* **Your assignment**
All that is wanted is the exact text of the lines below from the one with "3rd image of 410 Cedar Hollow Dr" through the one with "Image No.20-5 Bed House for sale", inclusive, minus any pictures.

* **Listed entries**
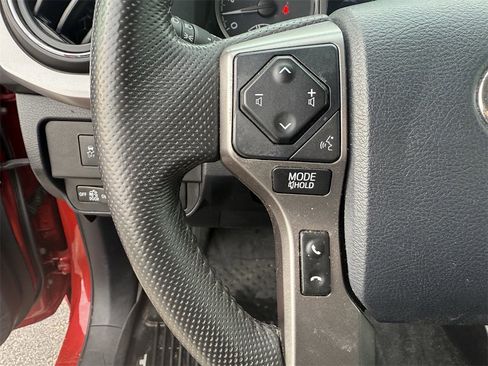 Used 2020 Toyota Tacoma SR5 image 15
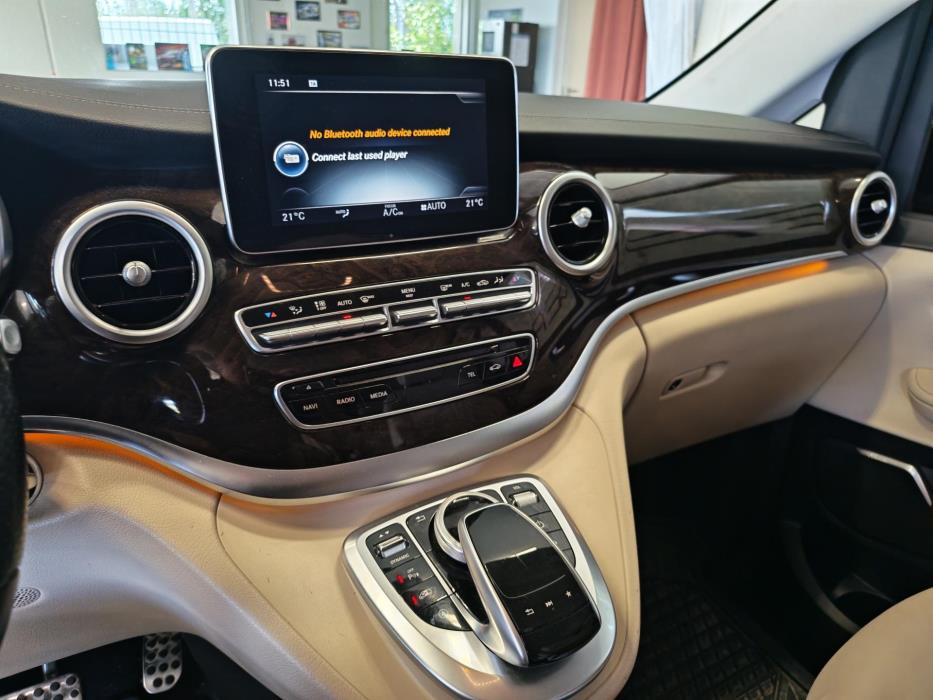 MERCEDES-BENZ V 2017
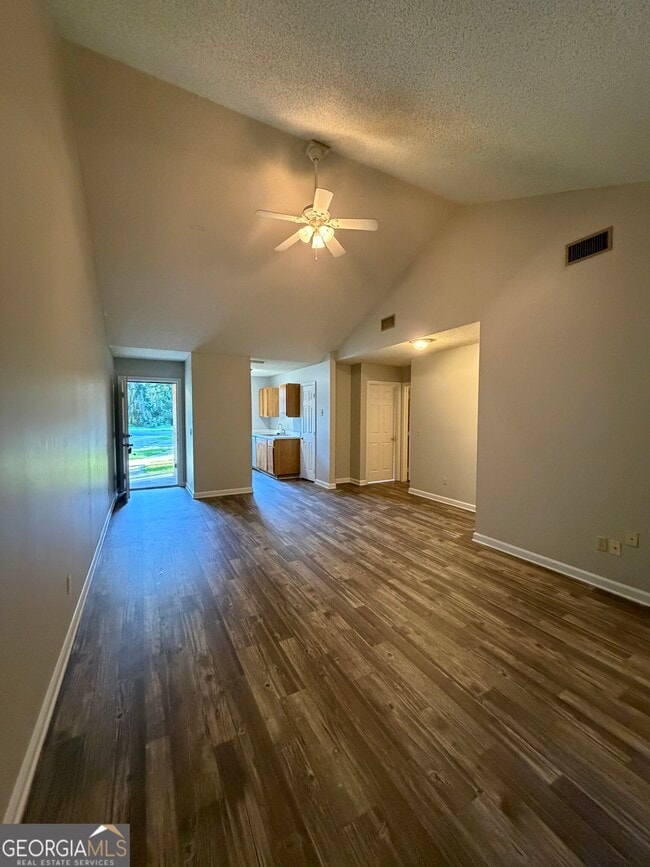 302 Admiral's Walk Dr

==

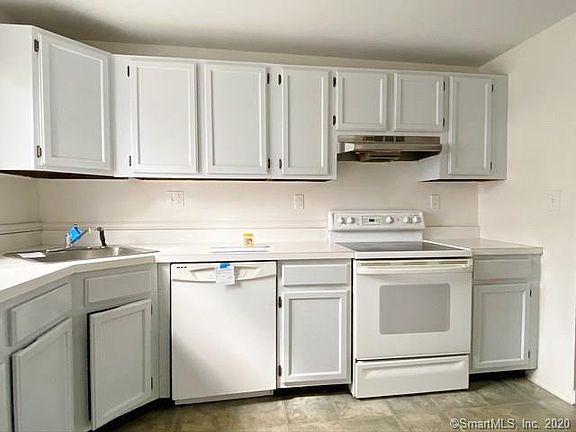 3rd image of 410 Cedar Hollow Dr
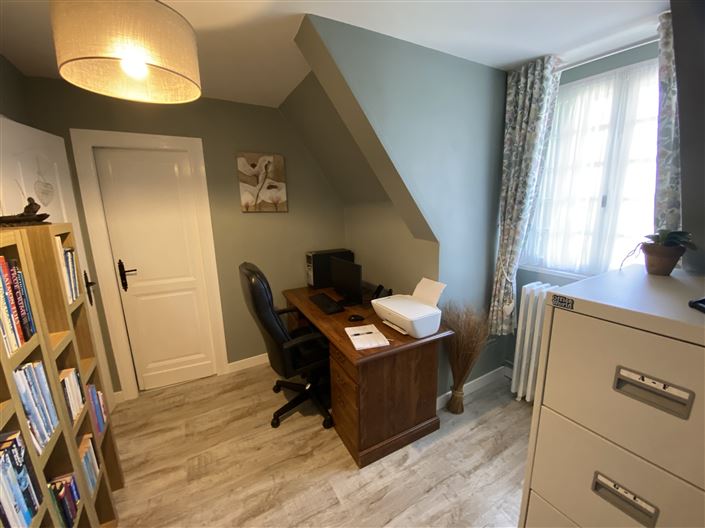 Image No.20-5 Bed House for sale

...

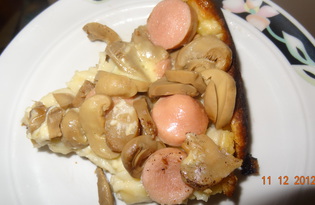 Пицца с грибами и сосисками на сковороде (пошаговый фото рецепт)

* **Answer space**
 3rd image of 410 Cedar Hollow Dr
 Image No.20-5 Bed House for sale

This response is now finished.